- _TASK ITEM_:
Your answer should repeat the entries in full, exactly as given, with no pictures.

(SUPPLIED ENTRIES Opens)

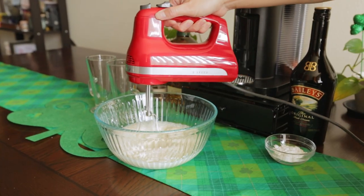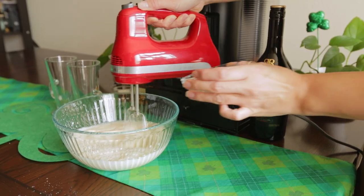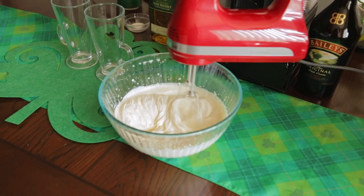Mix your heavy whipping cream and Baileys with a hand or stand mixer. Slowly add your confectioner sugar. Before it begins to form soft peaks, your whipped cream is done.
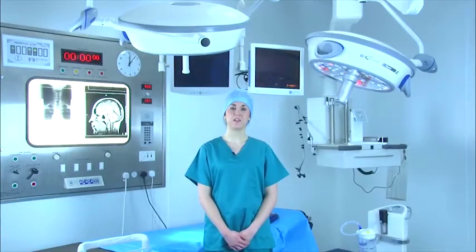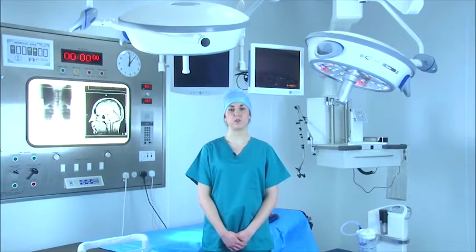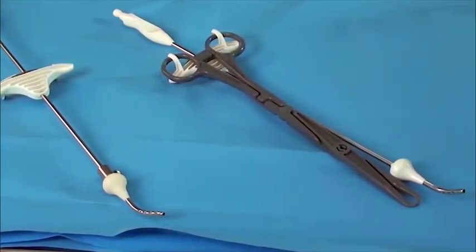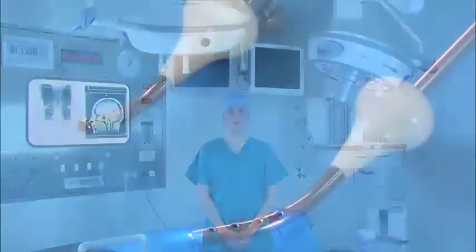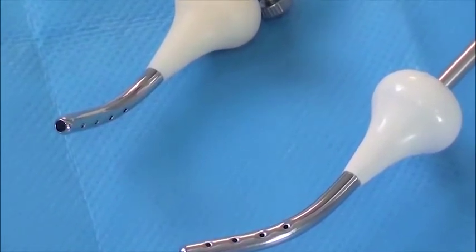Our Spachman cannulas provide a cost-effective single-use alternative to the reusable uterine manipulator which is difficult to clean. Made from high quality stainless steel to give strength for manipulation and with latex-free components. The spacing of the fenestrations at the tip allows optimum dye distribution, and the rounded and polished end further reduces risk of trauma to the uterus. This product can give the clinician the confidence of a clean, sterile instrument which performs safely and effectively.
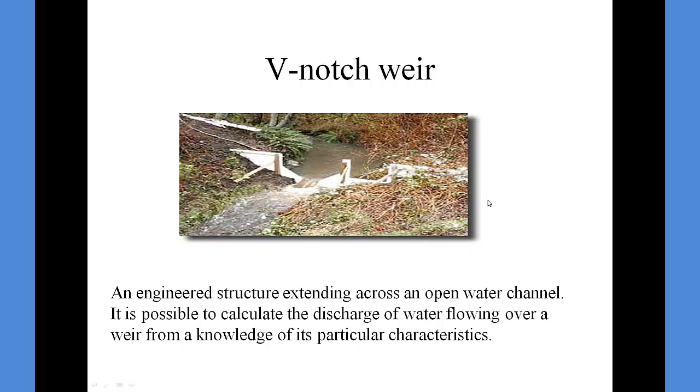The first one is the V-notch weir. As you can see, it's rather temporary in nature. What's usually used is a sheet of plywood and a hacksaw. A V-shaped notch is carved into the wood, or a rectangular notch can be carved into the wood. Depending on the shape of the stream, either one will be selected. The worst part of the work is pounding the wood into the ground, usually done with a sledgehammer, and then the wood stakes that are put in to support the wood from being pushed over by the water.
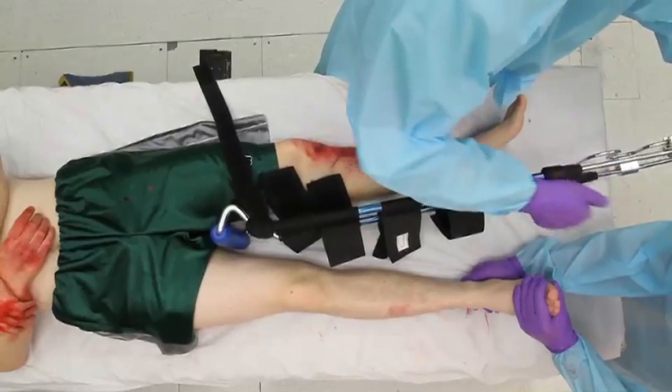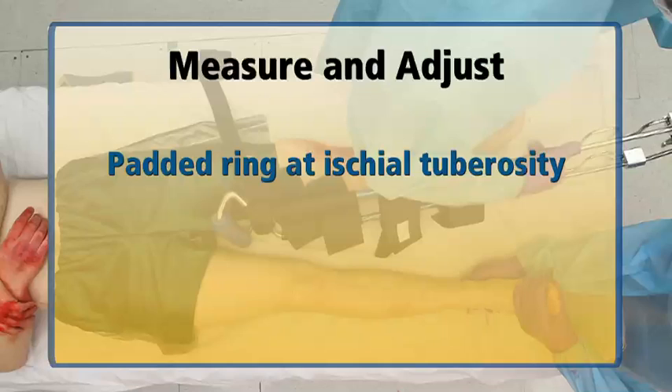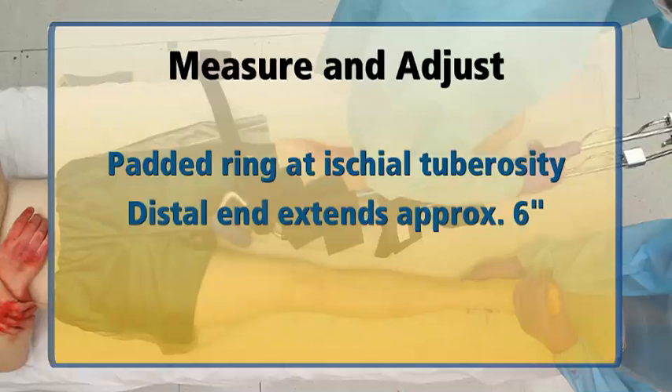You can determine the length of the splint by measuring the patient's uninjured leg. The upper cushioned ring should be placed under the buttocks adjacent to the ischial tuberosity. The distal end of the splint should extend beyond the ankle by approximately 6 inches or 15 centimeters.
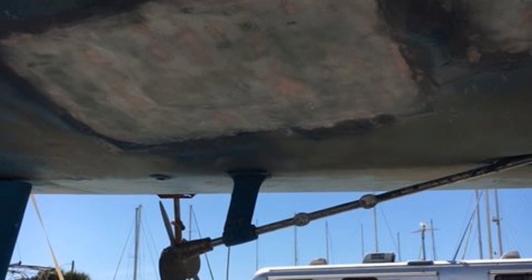After several days of grinding, fiberglass layup, curing, fairing, and sanding, the work on the soft spots in the hull was complete.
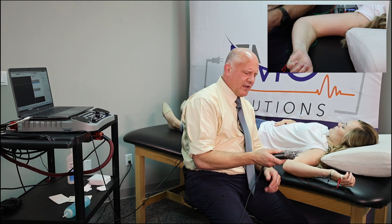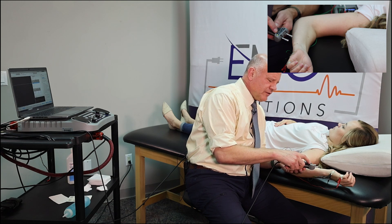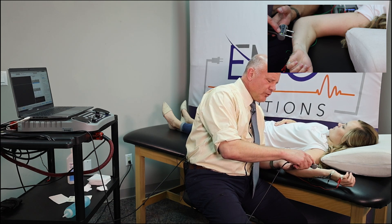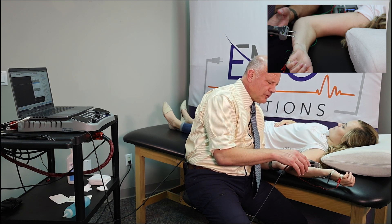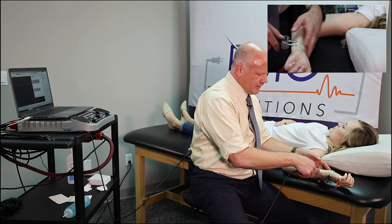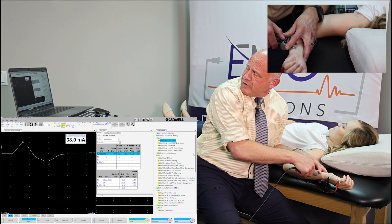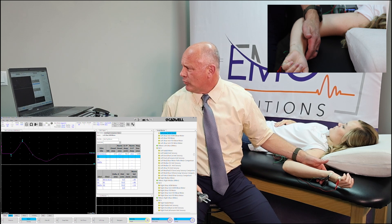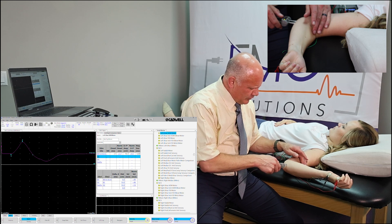I'm going to put just a dab of gel on our stimulating probe. I like to point this out on every case: you'll see that we've got the cathode highlighted with the negative pole — we want that negative pole, that cathode, close to our active electrode. Let's go ahead and stimulate right here at the wrist. We got a nice response from the ADM. We took the stimulus up a little bit more and got a tiny bit of increase in the response.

(SUPPLIED ENTRIES Closes)

- _ANSWER TO THIS EXERCISE_:
Mix your heavy whipping cream and Baileys with a hand or stand mixer. Slowly add your confectioner sugar. Before it begins to form soft peaks, your whipped cream is done.
Our Spachman cannulas provide a cost-effective single-use alternative to the reusable uterine manipulator which is difficult to clean. Made from high quality stainless steel to give strength for manipulation and with latex-free components. The spacing of the fenestrations at the tip allows optimum dye distribution, and the rounded and polished end further reduces risk of trauma to the uterus. This product can give the clinician the confidence of a clean, sterile instrument which performs safely and effectively.
The first one is the V-notch weir. As you can see, it's rather temporary in nature. What's usually used is a sheet of plywood and a hacksaw. A V-shaped notch is carved into the wood, or a rectangular notch can be carved into the wood. Depending on the shape of the stream, either one will be selected. The worst part of the work is pounding the wood into the ground, usually done with a sledgehammer, and then the wood stakes that are put in to support the wood from being pushed over by the water.
You can determine the length of the splint by measuring the patient's uninjured leg. The upper cushioned ring should be placed under the buttocks adjacent to the ischial tuberosity. The distal end of the splint should extend beyond the ankle by approximately 6 inches or 15 centimeters.
After several days of grinding, fiberglass layup, curing, fairing, and sanding, the work on the soft spots in the hull was complete.
I'm going to put just a dab of gel on our stimulating probe. I like to point this out on every case: you'll see that we've got the cathode highlighted with the negative pole — we want that negative pole, that cathode, close to our active electrode. Let's go ahead and stimulate right here at the wrist. We got a nice response from the ADM. We took the stimulus up a little bit more and got a tiny bit of increase in the response.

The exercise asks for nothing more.